But let us trace him to the garden of Gethsemane, and there view him bending down to the ground, beneath the weight of our crimson crimes; and from thence to Mount Calvary, where he was cut down by the sword of divine justice, when he was richly laden with the full ripe fruits of righteousness, and perfect obedience, while the rich perfumes of "sweet-smelling myrrh" flowed from his wounded side, and ascended to the courts of heaven as a sacrifice of a sweet-smelling savour well pleasing to God; by which the whole "election of grace' are completely saved from the wrath to come, and are made certain of obtaining that glorious inheritance which is treasured up in heaven for them to enjoy. For all the rich clusters of precious fruit which this "plant of renown" brought forth are imputed to the church, according to the words of Jesus by the prophet, "from ME is thy fruit found." Hosea xiv. 8. And blessed and happy are those who can say with the church of old: " As the apple-tree among the trees of the wood, so is my beloved among the sons: I sat down under his shadow with great delight, and his fruit was sweet unto my taste." Sol. Song ii. 3. Therefore the weakest believer in the covenant of grace, who has but one desire after Jesus produced by the Holy Spirit, may rest assured of his eternal safety; for he must at God's appointed time be removed from this wilderness of sin to fill up that seat which is prepared for him in the paradise of God. Our covenant Father will never throw away one "vessel of mercy" in whom this " plant of renown" is set as the hope of eternal glory.

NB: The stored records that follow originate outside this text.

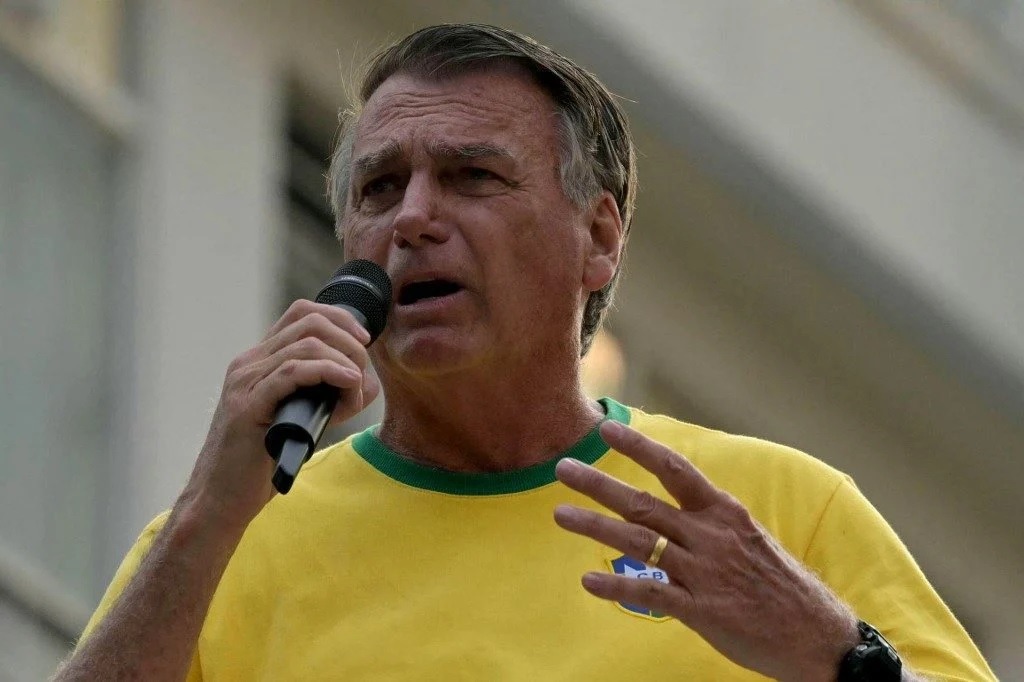 “Precisamos da ajuda de terceiros”, diz Bolsonaro em referência aos EUA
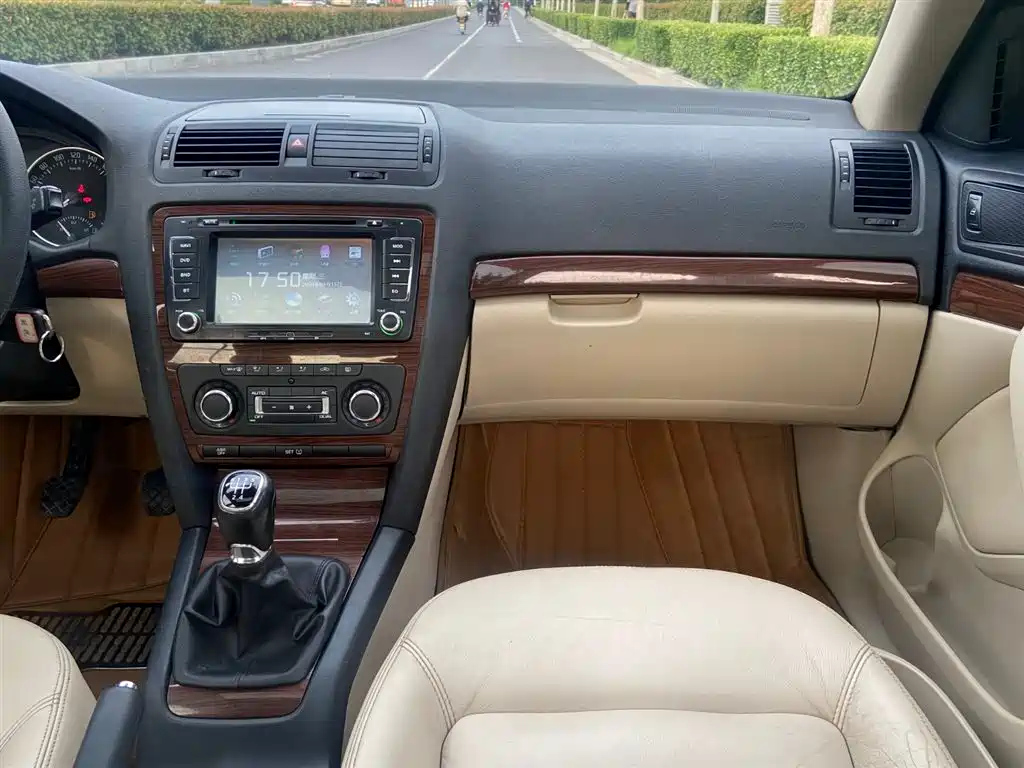 SKODA OCTAVIA 2013
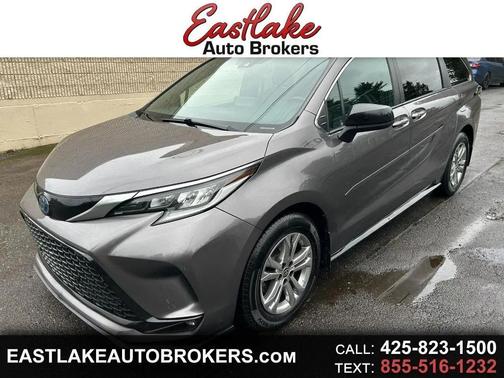 2022 Toyota Sienna XSE 7 Passenger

Lastly; let us take a glance at the all-glorious" plant of renown," now he is for ever set down at the right hand of the Majesty on high. For although he was cut down by the sword of justice, and laid in the tomb, yet at the third day he spread forth the branches of his power, and rose triumphantly over all the powers of darkness. Then his" renown" went forth through all the infernal caverns, for the inhabitants of hell were forced to confess the mighty wonders of the immortal conqueror. Then his "renown" went forth through the earth by the heralds of salvation, who proclaimed a free salvation through his atoning blood and all-sufficient righteousness. Then his "renown" went forth through all the golden streets of "the new Jerusalem:" angels tuned their harps to his immortal praise, while all the blood-bought throng, that were safe brought home to glory, sung their melodious anthems to exalt the glorious person of our adored Immanuel, who now for ever blooms in the paradise above, and sweetly perfumes those celestial mansions, while every heart is filled with joy by receiving from his fulness, and every eye sparkles with unspeakable brightness in beholding him who is the glory of heaven.